Cuando niño, como todo pequeñín que se
respete, quise ser bombero. Uno con todas las de la ley, distinto por donde lo
mires a esos que terminan el día jugando a las damas y acariciando a un dálmata
que bosteza echado en el salón. Pero como
en general suele ocurrir, tal anhelo duró poco. Luego, con la adolescencia
atragantada me dio por convertirme en mago: aparecer y desaparecer monedas, mujeres
en bikini, conejos en sombreros u objetos de cualquier pelaje hasta dar en el
blanco, embolsillarme el mapa del tesoro, no otro que manipular situaciones a
placer y conquistar chicas al chasquido de los dedos. Resultó un fracaso como
ningún otro, lo confieso con vergüenza pero también con dignidad. Pasó el
tiempo y fui pisando tierra, aceptando los consejos de la abuela, por lo que
terminé matriculado en la Facultad de Ingeniería, a todas luces profesión monda
y lironda sin un ápice de romanticismo laboral, qué diablos podía hacer. (El
desenlace de esta última parte lo dejamos para otro momento).

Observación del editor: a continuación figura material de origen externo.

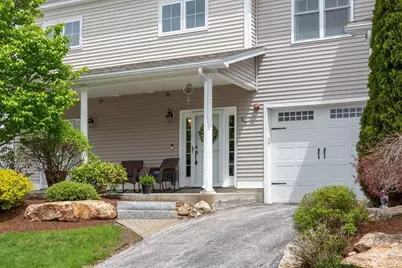 89 Woodview Way #89, Manchester, NH 03102 - Photo 3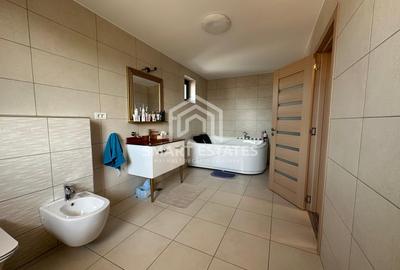 23 August - Vila P + 1E + M 280 mp - Comision 0% - 6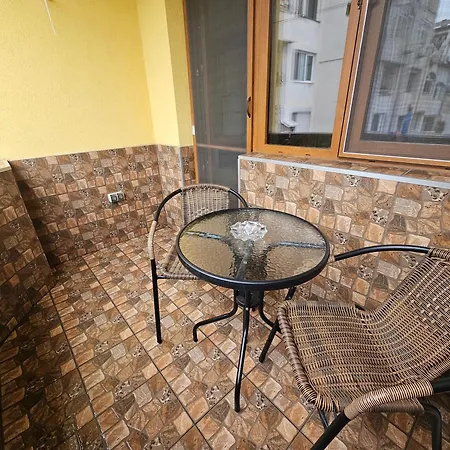 Апартамент Flora Deluxe *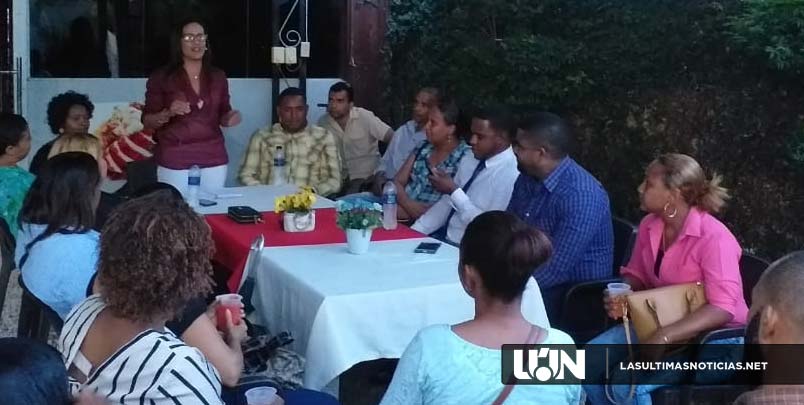 Movimiento de profesionales apoya Angry Reynoso como candidato a diputado del PRD en San Cristóbal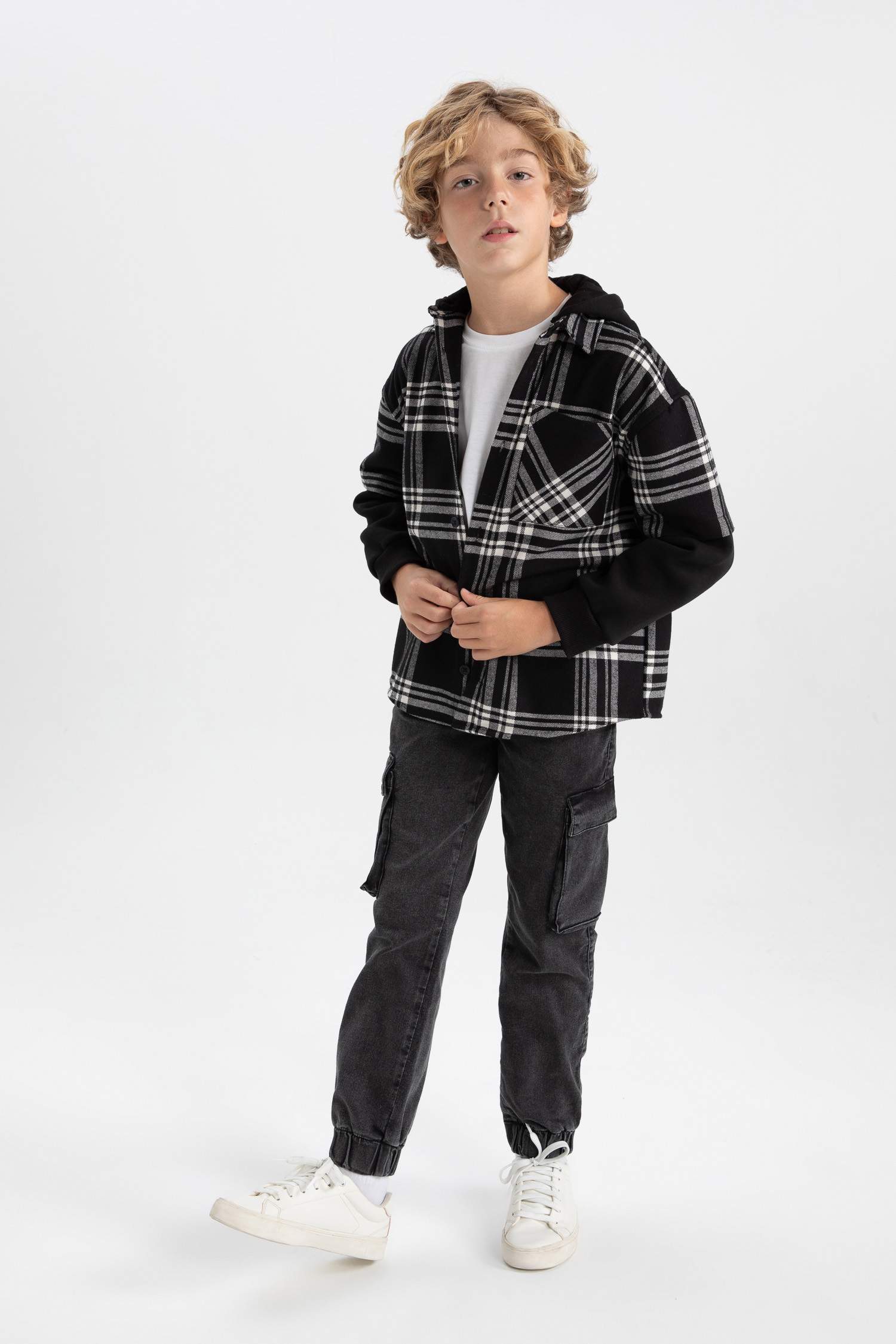 Black BOYS & TEENS Oversize Fit Long Sleeve Shirt 2891356 | DeFacto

Pero la profesión total, el oficio
indiscutible entre los merecedores de tales adjetivos, sin duda era el de
relojero. Jamás opté por dedicarme a ello debido a que conozco de sobra mis
limitaciones (miope y de pulso temblereque, sólo por mencionar dos), aunque la
verdad sea dicha, en ocasiones sueño que vivo entre minuteros, péndulos, antigüedades,
piezas de museo y un auténtico reloj cucú del Bosque Negro de Alemania, echando
a andar máquinas desvencijadas, desahuciadas por las telarañas, la desidia o el
maltrato. Antaño, hoy y siempre, qué duda puede haber, la relojería es la
alquimia perfecta, el oficio que arroja de cabeza por las cañerías la vieja consigna
del trabajo como maldición divina.
Un relojero es el vivo retrato de un
liliputiense. El universo incrustado en el taller de relojes tiene ese poder
embrujador que sólo vislumbré en la obra de un Swift. Una tuerca enana, un
engranaje diminuto, tornillos como granos de arena, asombra que el tiempo, ese señor estirable como un chicle, duerma en brazos de
artefactos tan encogidos, tan parecidos a una pulga, tan insignificantes.

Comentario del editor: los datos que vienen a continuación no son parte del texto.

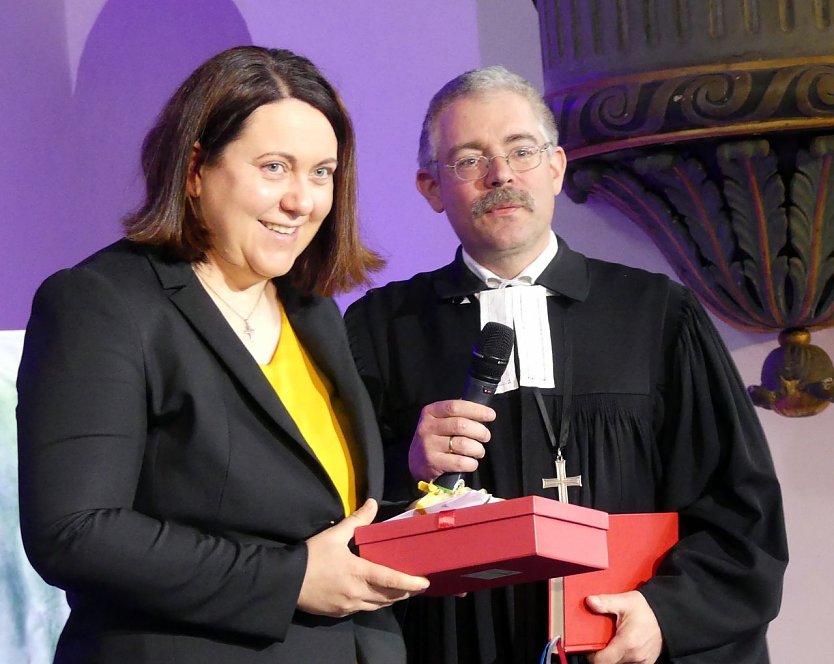 Superintendent Schwarze überreicht das Abschiedsgeschenk (Foto: Evangelischer Kirchenkreis Südharz)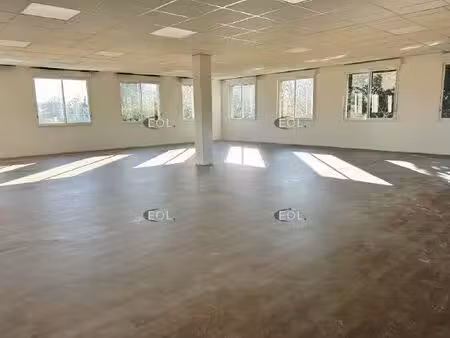 location bureaux 425 m²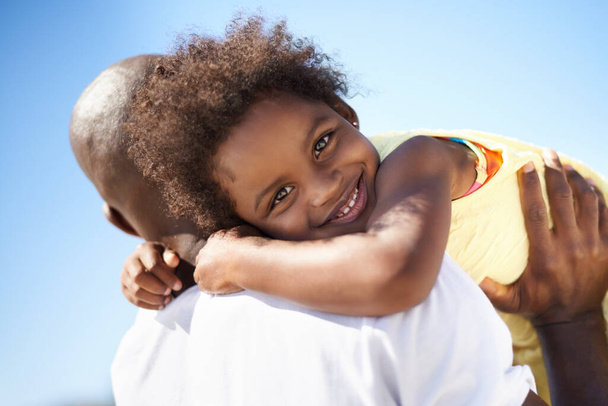 Babasıyla iyi vakit geçiriyor. Sevimli kızını omzunda taşıyan Afro-Amerikalı bir baba.. - Fotoğraf, Görsel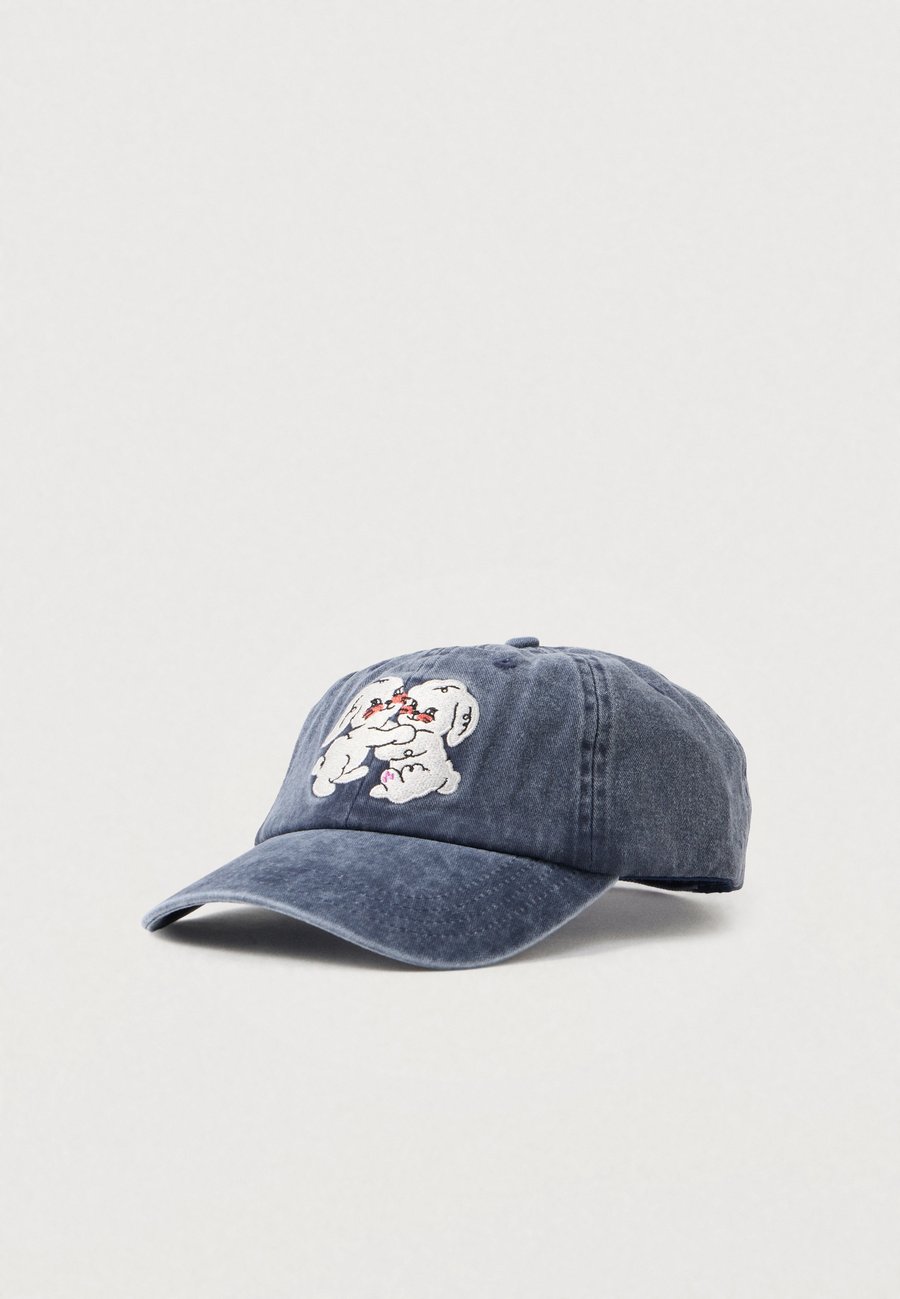 Бейсболка Carne Bollente HARE CARE UNISEX, Navy/Dark Blue
Бейсболка Carne Bollente HARE CARE UNISEX, Navy/Dark Blue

Viéndolo bien, un reloj tendría que ser como las pirámides de Egipto, como el
Caballo de Troya, como las líneas de Nazca, como el Coloso de Rodas, pero
fíjese, el reino de Lilliput acabó siendo amo y señor de Cronos y toda su
parafernalia.
Con razón el relojero de mi pueblo era un
ser de noble aspecto, mínima estatura, rostro adusto y gesto intemporal. Todo cuadra,
ahora que lo pienso. Es que hay oficios entre oficios.